Self-driving cars have experienced a
booming development in the latest years, having achieved a certain degree of
maturity. Their scene recognition capabilities have improved in an impressive
manner, especially thanks to the development of Deep Learning techniques and
the availability of immense amount of data contained in well-organized public
datasets. But still, self-driving cars exhibit limited ability to deal with
certain types of situations that do not pose a great challenge to human
drivers, such as entering a congested round-about, dealing with cyclists, or
giving way to a vehicle that is aggressively merging onto the highway from a
ramp lane. All these tasks require the development of advanced prediction
capabilities in order to provide the most likely trajectories for all traffic
agents around the ego-car, namely vehicles and vulnerable road users, in a
given time horizon. This talk will present some innovative solutions for
efficient motion prediction in the context of autonomous driving.
Bio-sketchMiguel Ángel Sotelo received the degree
in Electrical Engineering in 1996 from the Technical University of Madrid, the
Ph.D. degree in Electrical Engineering in 2001 from the University of Alcalá
(Alcalá de Henares, Madrid), Spain, and the Master in Business Administration
(MBA) from the European Business School in 2008. From 1993 to 1994, he held an
Excellence Research Grant at the University of Alcalá, where he is currently a
Full Professor at the Department of Computer Engineering and Vice-president for
International Relations. In 1997, he was a Research Visitor at the RSISE of the
Australian National University in Canberra. His research interests include
Self-driving cars, Cooperative Systems, and Traffic Technologies. He is author
of more than 200 publications in journals, conferences, and book chapters. He
has been recipient of the Best Research Award in the domain of Automotive and
Vehicle Applications in Spain in 2002 and 2009, and the 3M Foundation Awards in
the category of eSafety in 2004 and 2009. Miguel Ángel Sotelo has served as
Project Evaluator, Rapporteur, and Reviewer for the European Commission in the
field of ICT for Intelligent Vehicles and Cooperative Systems in FP6 and FP7.
He was Director General of Guadalab Science & Technology Park (2011-2012)
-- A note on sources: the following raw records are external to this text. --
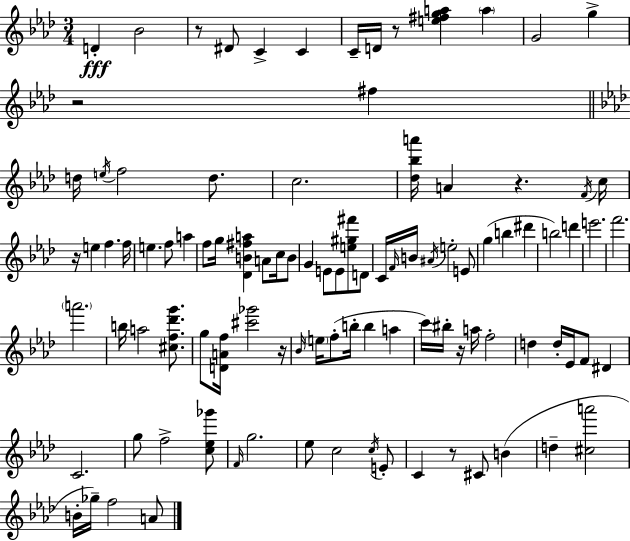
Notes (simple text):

D4/q Bb4/h R/e D#4/e C4/q C4/q C4/s D4/s R/e [E5,F#5,G5,A5]/q A5/q G4/h G5/q R/h F#5/q D5/s E5/s F5/h D5/e. C5/h. [Db5,Bb5,A6]/s A4/q R/q. F4/s C5/s R/s E5/q F5/q. F5/s E5/q. F5/e A5/q F5/e G5/s [Db4,B4,F#5,A5]/q A4/e C5/s B4/e G4/q E4/e E4/e [E5,G#5,F#6]/e D4/e C4/s F4/s B4/s A#4/s E5/h E4/e G5/q B5/q D#6/q B5/h D6/q E6/h. F6/h. A6/h. B5/s A5/h [C#5,F5,Db6,G6]/e. G5/e [D4,A4,F5]/s [C#6,Gb6]/h R/s Bb4/s E5/s F5/e B5/s B5/q A5/q C6/s BIS5/s R/s A5/s F5/h D5/q D5/s Eb4/s F4/e D#4/q C4/h. G5/e F5/h [C5,Eb5,Gb6]/e F4/s G5/h. Eb5/e C5/h C5/s E4/e C4/q R/e C#4/e B4/q D5/q [C#5,A6]/h B4/s Gb5/s F5/h A4/e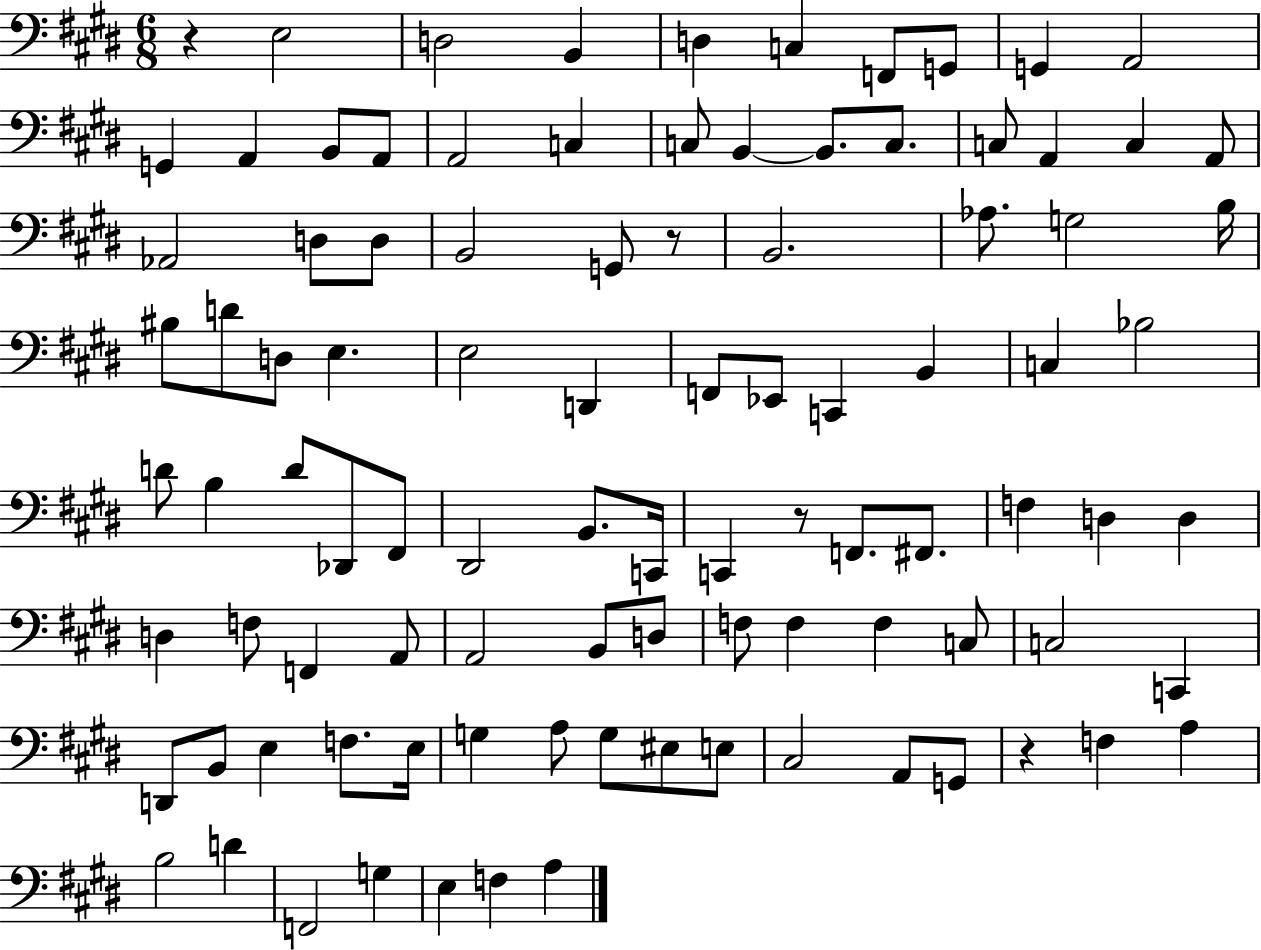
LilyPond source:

{
  \clef bass
  \numericTimeSignature
  \time 6/8
  \key e \major
  \repeat volta 2 { r4 e2 | d2 b,4 | d4 c4 f,8 g,8 | g,4 a,2 | \break g,4 a,4 b,8 a,8 | a,2 c4 | c8 b,4~~ b,8. c8. | c8 a,4 c4 a,8 | \break aes,2 d8 d8 | b,2 g,8 r8 | b,2. | aes8. g2 b16 | \break bis8 d'8 d8 e4. | e2 d,4 | f,8 ees,8 c,4 b,4 | c4 bes2 | \break d'8 b4 d'8 des,8 fis,8 | dis,2 b,8. c,16 | c,4 r8 f,8. fis,8. | f4 d4 d4 | \break d4 f8 f,4 a,8 | a,2 b,8 d8 | f8 f4 f4 c8 | c2 c,4 | \break d,8 b,8 e4 f8. e16 | g4 a8 g8 eis8 e8 | cis2 a,8 g,8 | r4 f4 a4 | \break b2 d'4 | f,2 g4 | e4 f4 a4 | } \bar "|."
}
and co-founder and CEO of Vision Safety Technologies (2009-2015), a spin-off
company established in 2009 to commercialize computer vision systems for road
infrastructure inspection. He is member of the IEEE ITSS Board of Governors and
Executive Committee. Miguel Ángel Sotelo served as Editor-in-Chief of the
Intelligent Transportation Systems Society Newsletter (2013), Editor-in-Chief
of the IEEE Intelligent Transportation Systems Magazine (2014-2016), Associate
Editor of IEEE Transactions on Intelligent Transportation Systems (2008-2014),
member of the Steering Committee of the IEEE Transactions on Intelligent
Vehicles (since 2015), and a member of the Editorial Board of The Open
Transportation Journal (2006-2015). He has served as General Chair of the 2012
IEEE Intelligent Vehicles Symposium (IV’2012) that was held in Alcalá de
Henares (Spain) in June 2012. He was recipient of the 2010 Outstanding
Editorial Service Award for the IEEE Transactions on Intelligent Transportation
Systems, the IEEE ITSS Outstanding Application Award in 2013, and the Prize to
the Best Team with Full Automation in GCDC 2016. At present, he is
Past-President of the IEEE Intelligent Transportation Systems Society.